# thoughts on my yearlings projected height



## Sydinthesaddle4 (Jun 4, 2018)

hello,
I got a mustang and he just turned 1 in late june. He is currently 13.1 hands and I was wondering what you guys think his height will be once hes done growing? 

thanks!

-Sydney


----------



## Foxhunter (Feb 5, 2012)

It is said that if you measure the length of the cannon bone in inches, that will be, in hands, the height he will make. 

The other string test, done at 18months + is to measure from the point of the elbow to the point of the fetlock and then reverse the string from the elbow to the withers, the difference in the distances is how much he has to grow.


----------



## smaile (Sep 21, 2010)

Foxhunter said:


> The other string test, done at 18months + is to measure from the point of the elbow to the point of the fetlock and then reverse the string from the elbow to the withers, the difference in the distances is how much he has to grow.

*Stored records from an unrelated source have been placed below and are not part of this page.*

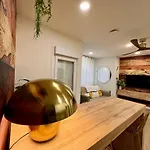 Apartamento North Shore *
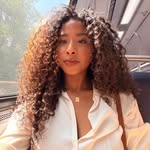 elibethg2222 profile picture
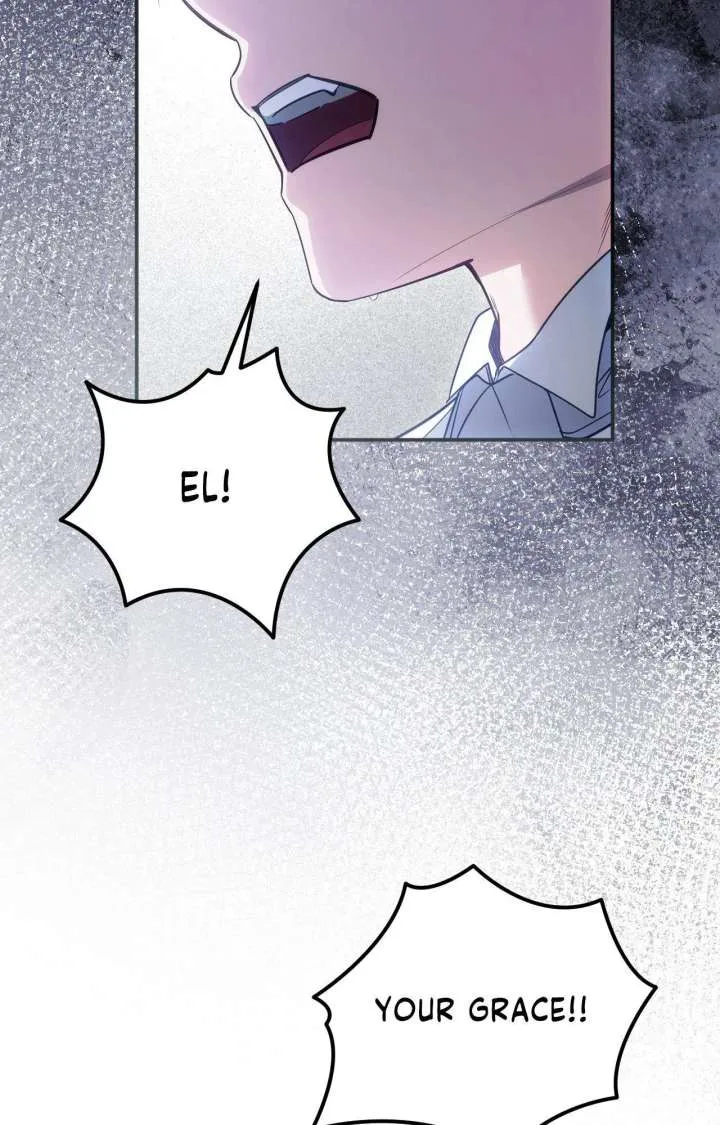 The Substitute Bride Chapter 47 page 14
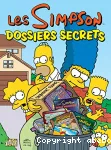 Dossiers secrets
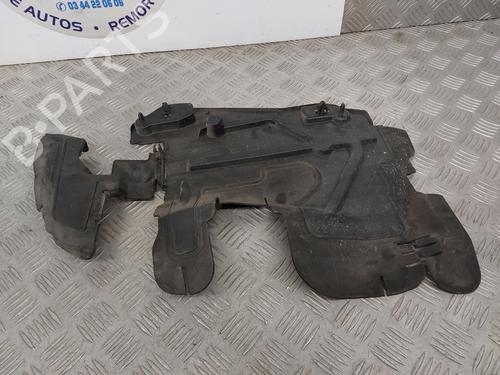 Other PEUGEOT 2008 I (CU_) 1.2 VTi | BP23748621O1 - Image 2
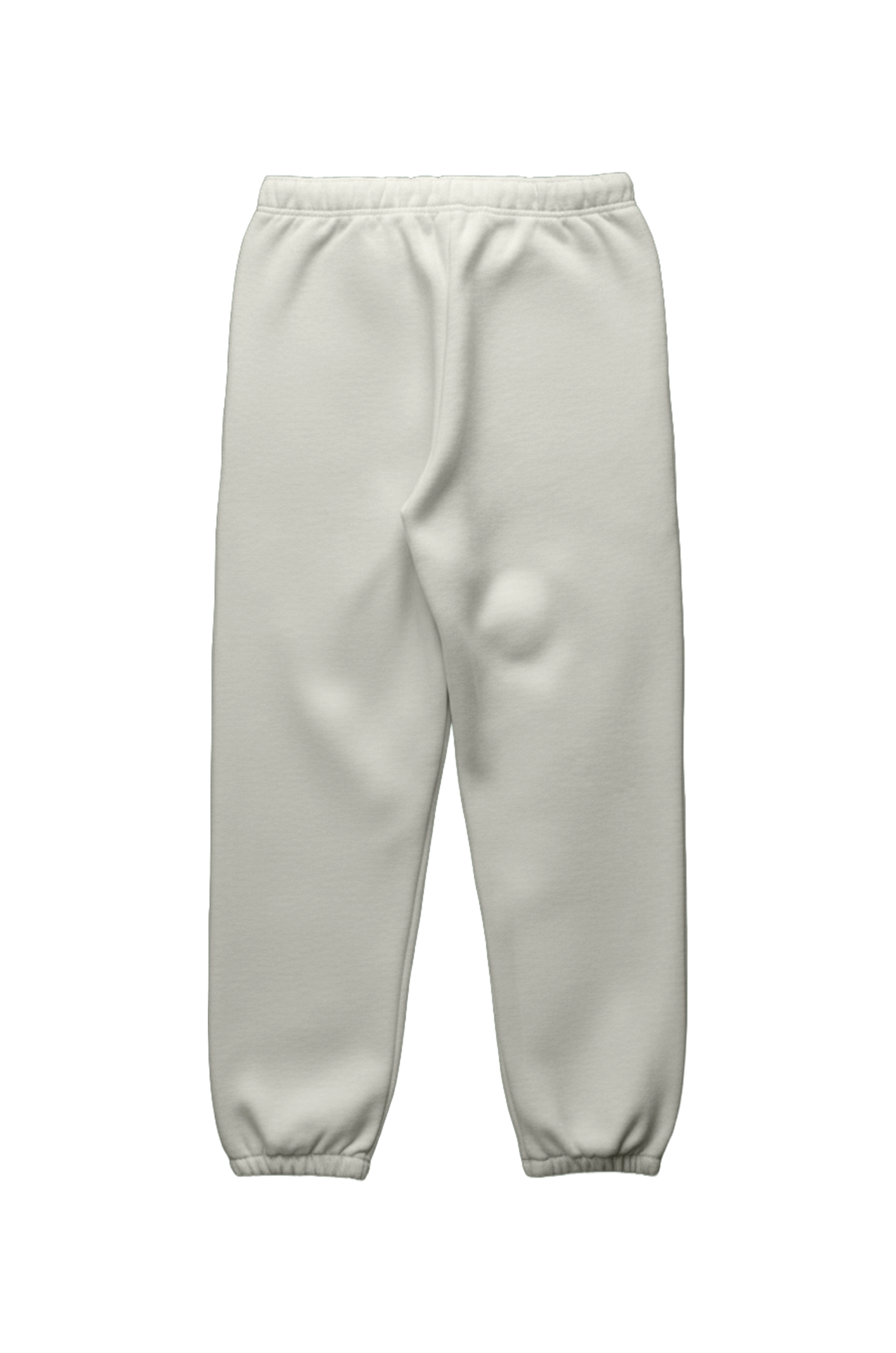 Pantalón Jogger Tag Basic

Ha, I did that and it said that my horse won`t grow bigger than around 150cm. He is now 6 years old and around 170cm  

My other horse (half-brother from mother side to this one) was born teeeny tiny and up until he was a yearling I thought that he`ll definitely end up small. He is now 5yo and is getting close to 180cm. Mother of both of these horses is around 160cm and they both have also outgrown their fathers and all of their brothers and sisters.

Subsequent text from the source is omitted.